Durante el proceso constituyente, diputados socialistas se opusieron a los intentos centristas —como el de Jesús Sancho Rof, subsecretario de Interior— de que la Constitución avalase ampliar el plazo de detención policial. El 18 de mayo de 1978, Gregorio Peces-Barba advirtió en el Parlamento que intervenía con tristeza “como ciudadano, como abogado y como estudioso de los derechos humanos” para preguntar “¿qué se pretende hacer con el detenido?” si la policía no puede legalmente obligarle a declarar. Seis años después, el 27 de septiembre de 1984, durante el debate de la Ley Antiterrorista propuesta por el Gobierno socialista, era un diputado de Euskadiko Ezkerra, Juan María Bandrés, quien formulaba casi idéntica pregunta y la respondía seguidamente: “Esto se hace para obtener, mediante coacción, lo que no se quiere declarar voluntariamente, es decir, para ser sometido a tortura y que diga lo que se quiere que diga”. El ejercicio por el PSOE del poder ejecutivo le granjeó la ruptura con UGT, a pesar de haber hecho juntos el programa de 1982. Diez años después, Nicolás Redondo, todavía secretario general de ese sindicato, aseguró: “Ya nadie cree que este Gobierno sea socialista”. En cuanto al Parlamento, el Ejecutivo lo gubernamentalizó y le incapacitó como órgano de control político.

Y otro frente fue el de la justicia. La magistratura heredada del franquismo no se adaptaba a la democracia y el TC tuvo que imponerle la aplicación de la Constitución, mientras el Gobierno adelantaba la edad de jubilación. Se suprimieron las tasas judiciales, medida que contribuyó a erradicar la corrupción en los juzgados, las llamadas astillas. El órgano constitucional de gobierno de los jueces, el Consejo General del Poder Judicial (CGPJ), mayoritariamente conservador, llevó al Gobierno socialista a reformar la ley para vincular la designación de los 20 vocales al Parlamento, en aras de una necesaria democratización, que terminó en un reparto de cuotas parlamentarias y el CGPJ en una sucursal de los grandes partidos.
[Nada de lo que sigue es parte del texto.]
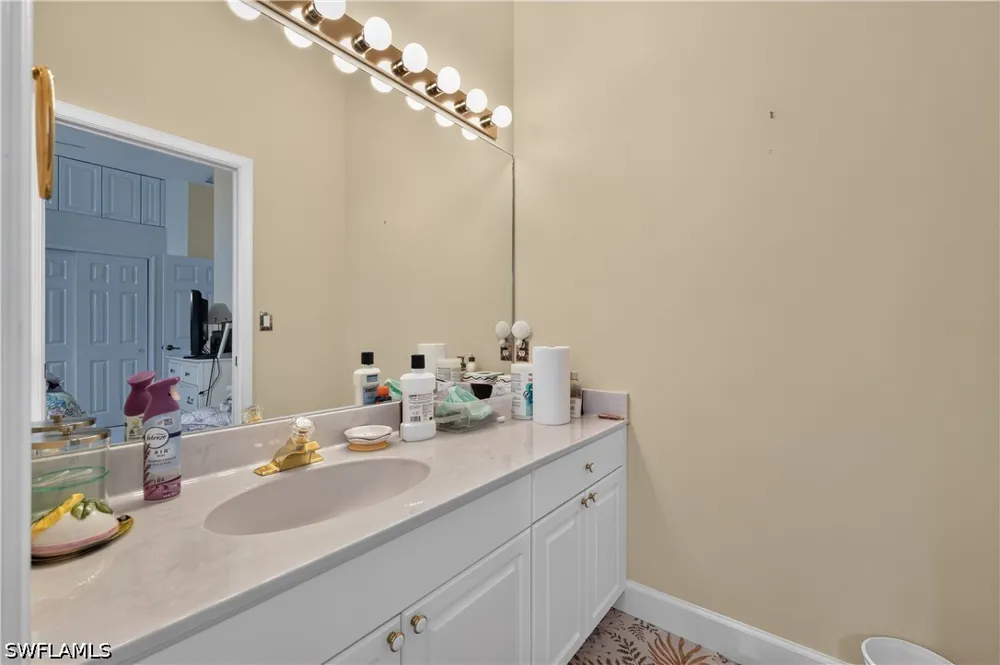 Island Cove Circle Naples, FL 34109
Montesquieu había fallecido.

Tampoco renunció el Gobierno socialista a patrimonializar el Ministerio Fiscal, promotor, según la Constitución, de “la acción de la justicia, en defensa (…) del interés público”. En diciembre de 1983, ante los fiscales jefes de toda España, reunidos en El Escorial (Madrid), el primer ministro de Justicia socialista, Fernando Ledesma, reivindicó para el Gobierno el monopolio de la interpretación de ese interés público y social.
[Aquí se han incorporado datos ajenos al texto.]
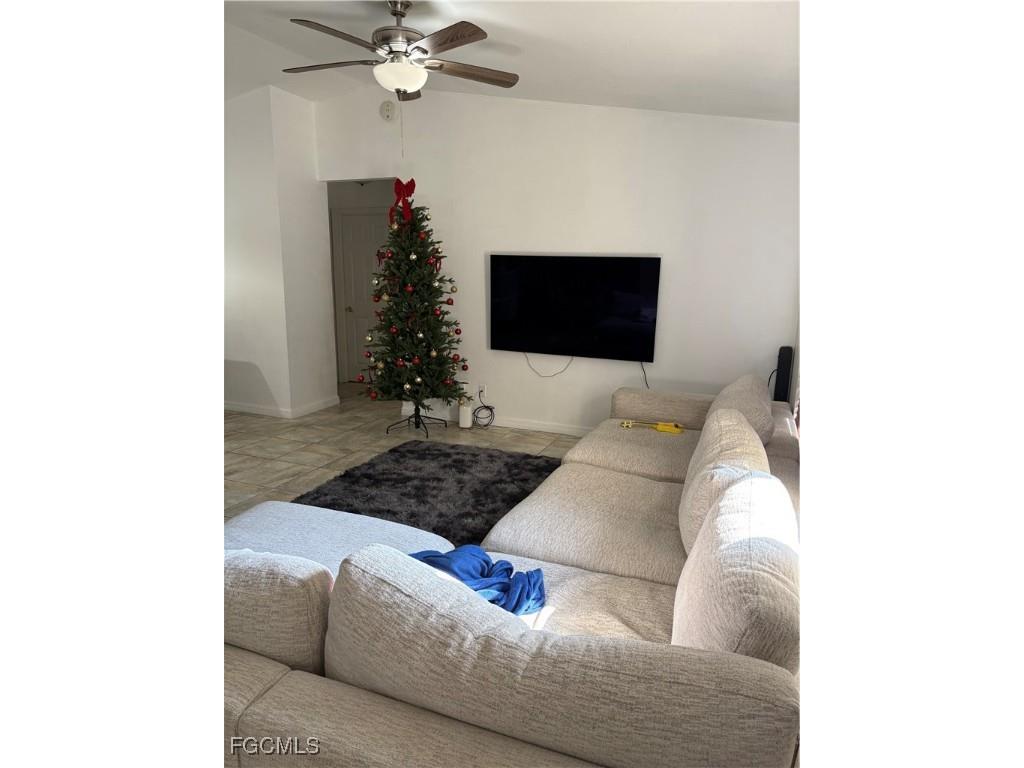 121 SW Trafalgar Parkway Cape Coral FL 33991 2025023358 image2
Lo describía en 1992 Javier Pradera: “Los Gobiernos también pueden sentirse tentados a creer que las credenciales democráticas nacidas de un amplio respaldo popular les autorizan a invadir las áreas del poder legislativo y del poder judicial y a orillar los límites que el imperio de la ley pone al principio representativo; Felipe González ha rozado en ocasiones las fronteras de ese campo minado, movido por su convicción de que el poder ejecutivo desempeña la primogenitura dentro del sistema político y debe imponer su liderazgo a magistrados y parlamentarios”.
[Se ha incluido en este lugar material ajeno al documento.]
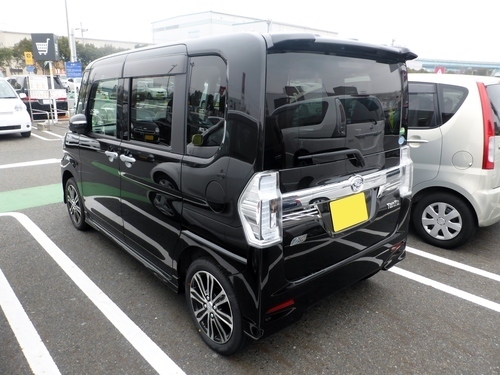 Caminhão chamada Daihatsu TanTo personalizado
Una tarea de profundización de la democracia a la que pronto se dedicó el poder socialista fue la culminación del Estado de las autonomías. Antes de su triunfo en las urnas, el PSOE pactó con UCD la Ley Orgánica de Armonización del Proceso Autonómico (LOAPA), que impugnaron los nacionalistas vascos y catalanes. En agosto de 1983, el TC declaró inconstitucionales 14 de sus 38 artículos y suprimió su carácter de ley orgánica y su función armonizadora. A partir de octubre de 1983, la Ley del Proceso Autonómico comenzó a aplicarse por el ministro de Administración Territorial, Tomás de la Quadra-Salcedo, y su equipo, que, a diferencia de los nacionalismos identitarios, tuvo como modelo el proceso autonómico de Andalucía. Así, el desarrollo autonómico contribuyó a aproximar el poder a los ciudadanos y a potenciar —como ya había planteado Felipe González en su discurso de investidura— “la democracia y la solidaridad justamente en las estructuras de base donde el contacto entre los hombres es más directo, donde se viven los problemas concretos y donde los ciudadanos pueden sentir más cálidamente el orgullo de la solidaridad y los frutos de la participación”.